> Task
Set every entry down again exactly, omitting none.

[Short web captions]
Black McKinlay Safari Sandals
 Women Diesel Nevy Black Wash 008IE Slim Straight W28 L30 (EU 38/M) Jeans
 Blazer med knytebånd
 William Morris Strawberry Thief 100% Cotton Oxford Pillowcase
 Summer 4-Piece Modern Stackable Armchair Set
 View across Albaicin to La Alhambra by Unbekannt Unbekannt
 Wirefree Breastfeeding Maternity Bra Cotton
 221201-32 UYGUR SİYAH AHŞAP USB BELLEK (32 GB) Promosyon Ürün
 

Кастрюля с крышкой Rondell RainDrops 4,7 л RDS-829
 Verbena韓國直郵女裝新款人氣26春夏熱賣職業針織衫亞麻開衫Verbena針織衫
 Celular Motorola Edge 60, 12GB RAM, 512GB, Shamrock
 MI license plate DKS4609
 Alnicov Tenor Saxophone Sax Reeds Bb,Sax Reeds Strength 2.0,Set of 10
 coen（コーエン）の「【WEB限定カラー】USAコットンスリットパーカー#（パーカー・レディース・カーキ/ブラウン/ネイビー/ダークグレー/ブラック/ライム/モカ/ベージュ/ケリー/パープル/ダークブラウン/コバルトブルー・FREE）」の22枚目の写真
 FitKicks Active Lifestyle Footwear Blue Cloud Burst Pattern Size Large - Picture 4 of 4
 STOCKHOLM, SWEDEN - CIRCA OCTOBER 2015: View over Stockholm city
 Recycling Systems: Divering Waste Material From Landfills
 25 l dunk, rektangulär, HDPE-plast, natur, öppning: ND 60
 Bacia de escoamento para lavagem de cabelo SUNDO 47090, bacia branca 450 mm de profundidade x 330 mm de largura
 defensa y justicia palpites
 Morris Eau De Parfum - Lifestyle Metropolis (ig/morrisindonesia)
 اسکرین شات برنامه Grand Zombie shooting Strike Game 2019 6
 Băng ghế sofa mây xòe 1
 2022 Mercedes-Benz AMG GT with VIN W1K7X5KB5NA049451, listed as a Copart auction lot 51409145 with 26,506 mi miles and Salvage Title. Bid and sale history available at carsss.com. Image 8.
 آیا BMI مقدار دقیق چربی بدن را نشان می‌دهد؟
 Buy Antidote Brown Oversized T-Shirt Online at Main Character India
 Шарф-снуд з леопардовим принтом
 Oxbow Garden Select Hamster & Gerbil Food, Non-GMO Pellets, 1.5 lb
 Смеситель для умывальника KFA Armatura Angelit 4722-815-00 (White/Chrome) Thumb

> Expected answer
Black McKinlay Safari Sandals
 Women Diesel Nevy Black Wash 008IE Slim Straight W28 L30 (EU 38/M) Jeans
 Blazer med knytebånd
 William Morris Strawberry Thief 100% Cotton Oxford Pillowcase
 Summer 4-Piece Modern Stackable Armchair Set
 View across Albaicin to La Alhambra by Unbekannt Unbekannt
 Wirefree Breastfeeding Maternity Bra Cotton
 221201-32 UYGUR SİYAH AHŞAP USB BELLEK (32 GB) Promosyon Ürün
 

Кастрюля с крышкой Rondell RainDrops 4,7 л RDS-829
 Verbena韓國直郵女裝新款人氣26春夏熱賣職業針織衫亞麻開衫Verbena針織衫
 Celular Motorola Edge 60, 12GB RAM, 512GB, Shamrock
 MI license plate DKS4609
 Alnicov Tenor Saxophone Sax Reeds Bb,Sax Reeds Strength 2.0,Set of 10
 coen（コーエン）の「【WEB限定カラー】USAコットンスリットパーカー#（パーカー・レディース・カーキ/ブラウン/ネイビー/ダークグレー/ブラック/ライム/モカ/ベージュ/ケリー/パープル/ダークブラウン/コバルトブルー・FREE）」の22枚目の写真
 FitKicks Active Lifestyle Footwear Blue Cloud Burst Pattern Size Large - Picture 4 of 4
 STOCKHOLM, SWEDEN - CIRCA OCTOBER 2015: View over Stockholm city
 Recycling Systems: Divering Waste Material From Landfills
 25 l dunk, rektangulär, HDPE-plast, natur, öppning: ND 60
 Bacia de escoamento para lavagem de cabelo SUNDO 47090, bacia branca 450 mm de profundidade x 330 mm de largura
 defensa y justicia palpites
 Morris Eau De Parfum - Lifestyle Metropolis (ig/morrisindonesia)
 اسکرین شات برنامه Grand Zombie shooting Strike Game 2019 6
 Băng ghế sofa mây xòe 1
 2022 Mercedes-Benz AMG GT with VIN W1K7X5KB5NA049451, listed as a Copart auction lot 51409145 with 26,506 mi miles and Salvage Title. Bid and sale history available at carsss.com. Image 8.
 آیا BMI مقدار دقیق چربی بدن را نشان می‌دهد؟
 Buy Antidote Brown Oversized T-Shirt Online at Main Character India
 Шарф-снуд з леопардовим принтом
 Oxbow Garden Select Hamster & Gerbil Food, Non-GMO Pellets, 1.5 lb
 Смеситель для умывальника KFA Armatura Angelit 4722-815-00 (White/Chrome) Thumb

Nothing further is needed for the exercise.